Posted: Mon Sep 03, 2018 11:17 pm UTC
by phillip1882
https://ibb.co/kPRY2z
this picture represents the first 4000 numbers in recursive format.
<> 2
<<>> 3
<><>4
<<<>>> 5
and so on
the left arrow turns the turtle left 30 degrees then moves forward 5 and the right arrow rotate right 60 degrees and then move forward 5
heres the python code that produced it

Code: Select all

import turtle
recurse = [""]*1000000
recurse[2] = "<>"
n = 2
p = 1
while n < len(recurse):
   for v in range(2,int(len(recurse)/n)):
      if recurse[v] != "":
         recurse[v*n] = recurse[v] +recurse[n]
    
   n += 1
   while n<len(recurse) and recurse[n] != "":
      n += 1
   if n == len(recurse):
      break
   p += 1
   recurse[n] = "<" +recurse[p] +">"
turtle.screensize(7000,4500)
turtle.up()   
turtle.sety(-200)
turtle.down()
for i in range(2,len(recurse)):
   for j in range(0,len(recurse[i])):
      if recurse[i][j] == ">":
         turtle.right(60)
         turtle.forward(5)
      else:
         turtle.left(30)
         turtle.forward(5)
   print(recurse[i],i)
input()

Re: a neat picture based on recursive number

Posted: Wed Sep 05, 2018 5:55 am UTC
by Xanthir
First, neat picture! It's always cool to see the kind of emergent patterns that come out of simple rules like this.

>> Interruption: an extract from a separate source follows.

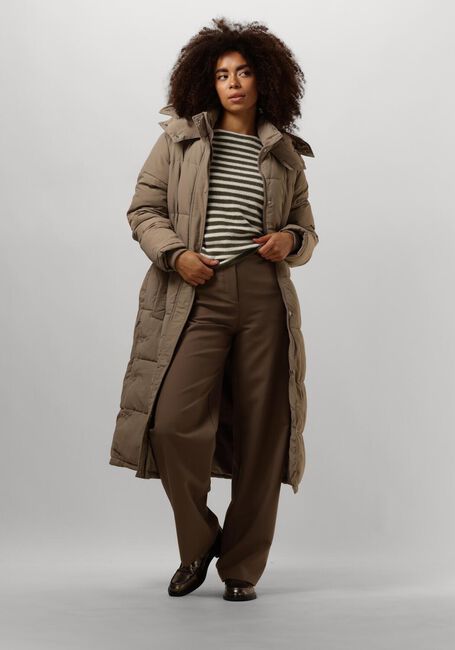 Taupe NOTRE-V Gewatteerde jas NV-EDNA - large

Second, the few numbers you provided give *no* clue as to the pattern you're following. I had to puzzle thru your Python to figure it out instead. From what I can tell, the pattern is:

1. The 1st pattern, P₁, is the empty string.
2. If n is the mth prime, then Pₙ = "<" + Pₘ + ">". (So, since 2 is the 1st prime, P₂ = <>, which is P₁ wrapped in angle brackets. 3 is the 2nd prime, so it's <<>>, P₂ wrapped. 5 is P₃ wrapped, 7 is P₄ wrapped, 11 is P₅ wrapped, etc.)
3. If n is composite, it can be divided into its smallest prime factor j and the rest of the number k. Pₙ is then Pₖ+Pⱼ. (So P₄ is P₂+P₂ <><>, P₁₂ is P₄+P₃ <><><<>>, P₁₀₀ is P₅₀+P₂, etc.)

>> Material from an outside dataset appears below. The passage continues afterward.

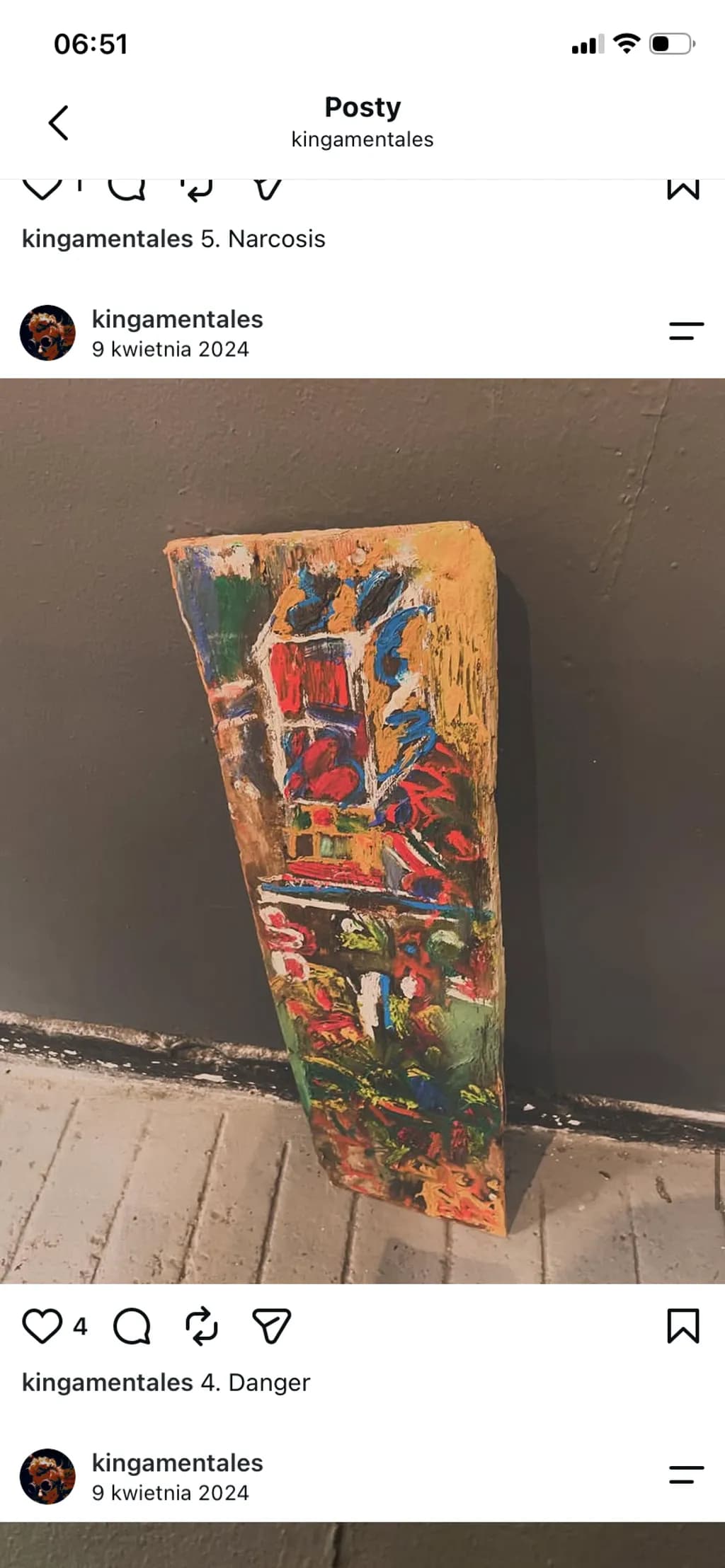 Colorful Painted Plank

Third, your use of single-letter variables and some slightly unidiomatic Python made it a bit hard to follow. I've rewritten it here to help myself understand:

Code: Select all

#!/usr/bin/env python2
def generatePatterns(limit):
   patterns = [""] * limit
   prime = 2
   primeCount = 1
   while prime < limit:
      # If N is the Mth prime, generate its pattern from the Mth pattern.
      patterns[prime] = "<" + patterns[primeCount] + ">"
      # Generate patterns for every possible multiple of prime
      # from the Prime'th pattern
      # and the Multiplier'th pattern
      for mult in xrange(2): # we won't use the whole range
         if mult*prime >= limit:
            break
         if patterns[multiplier]:
            patterns[multiplier*newPrime] = patterns[multiplier] + patterns[newPrime]
      # Now find the next prime.
      # Per Eratosthene's sieve, this is just the next unfilled value.
      while prime < limit and patterns[prime]:
         prime += 1
      primeCount += 1
   return patterns

def drawPatterns(patterns):
   import turtle
   turtle.screensize(7000,4500)
   turtle.up()
   turtle.sety(-200)
   turtle.down()
   for pattern in patterns:
      for command in pattern:
         if command == ">":
            turtle.right(60)
            turtle.forward(5)
         else:
            turtle.left(30)
            turtle.forward(5)
      print(pattern,i)

drawPatterns(generatePatterns(10**6))


I haven't run this, but I think it works? Is this code clear to you?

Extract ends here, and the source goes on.